The GAO report is the first of a trio of government agency studies set for release this week that address some of the fundamental ways the financial advisor industry operates. All three of the six-month studies--one by the GAO and two by the Securities and Exchange Commission--were mandated last summer by the Dodd-Frank Wall Street Reform and Consumer Protection Act.
Section 919C of the Dodd-Frank bill required the GAO to study how financial planners are regulated, the effectiveness of the regulation, and pros and cons of alternative regulatory approaches.
In its report, the GAO said that existing statutes and regulations appear to cover the great majority of financial planning services, and individual financial planners nearly always fall under one or more regulatory regimes, depending on their activities. It also said that better enforcement of existing laws could strengthen oversight efforts.
"While no single law governs the broad array of activities in which financial planners may engage, given available information, it does not appear that an additional layer of regulation specific to financial planners is warranted at this time," according to the study.
Members of the Financial Planning Coalition--a group comprised of the Certified Financial Planner Board of Standards, Financial Planning Association and the National Association of Personal Financial Advisors--have been advocating that financial planners be regulated as a distinct profession with fiduciary responsibility overseen by an oversight board under the auspices of the SEC.
"The GAO is saying financial planners are covered by the Investment Advisers Act and some other laws, and we don't disagree with that," says Dan Barry, the FPA's chief lobbyist in Washington, D.C. "It's kind of a patchwork of regulations, and our point is there's no single regulator touching upon all of a financial planner's activities" that go beyond investment advice and include a client's total financial health.
The GAO study recognizes that consumers don't always know when people holding themselves out as financial planners are required to serve in the client's best interest.
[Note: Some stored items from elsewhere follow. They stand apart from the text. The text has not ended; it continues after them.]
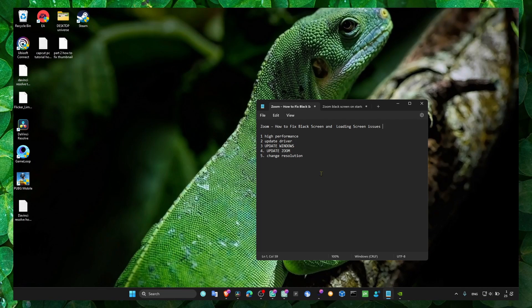Hey y'all, welcome to my YouTube channel. This is going to show you how you can fix black screen and loading screen issues.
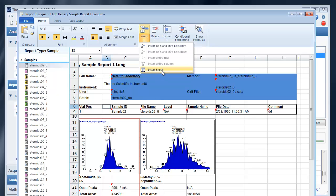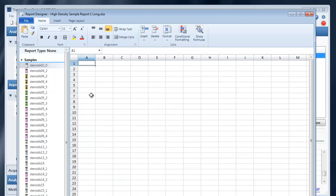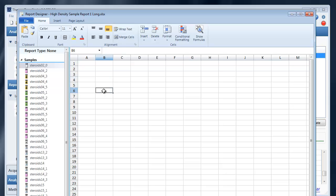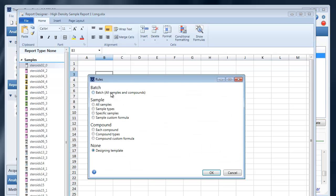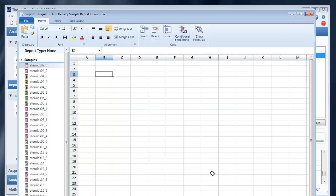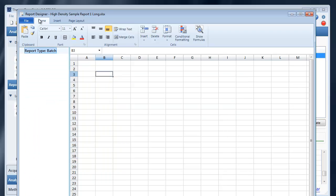I can also insert a sheet and begin designing the second sheet of this template. I could make this a batch report for example. And we'll get into inserting content in the next tutorial.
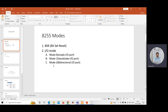8255 has basically two different modes. One is BSR, which stands for bit set reset mode. The other is input/output mode, which can be further divided into three categories: mode 0 (simple input/output mode), mode 1 (handshake input/output mode), and mode 2 (bidirectional input/output mode).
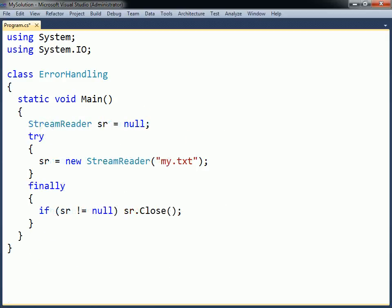The catch blocks can be left out to create a try-finally statement. This statement will not catch any exceptions. Instead, it will ensure the proper disposal of any resources allocated in the try block. This can be useful if the allocated resource does not throw any exceptions.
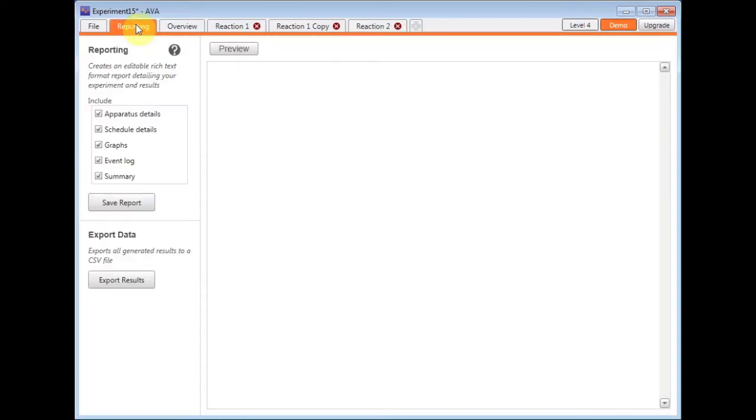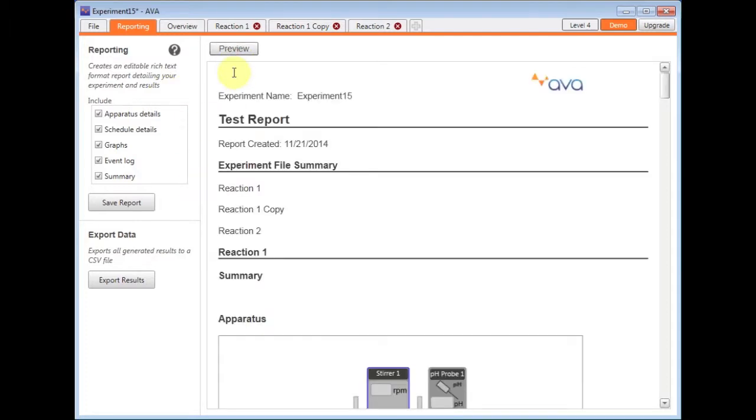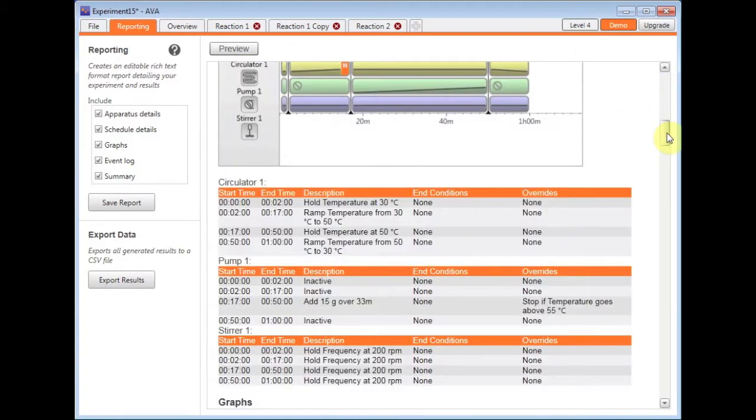The reporting tab enables you two export options. One which, if I click the preview, is a Word document and this shows you all of what would be included in that for me.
To address this, the agency recommends that other agencies do their part to help clarify the confusion. In short, it calls for more studies.
Namely, it suggests the National Association of Insurance Commissioners work with state insurance regulators to assess consumers' understanding of the standards of care regarding the sale of insurance products such as annuities.
The GAO also recommends the SEC work with various federal and state regulators to boost financial literacy among investors so they can better navigate the alphabet soup designations held by people holding themselves out as financial planners, as well as to "better understand the extent of problems specifically involving financial planners and financial planning services, and take actions to address any problems that are identified."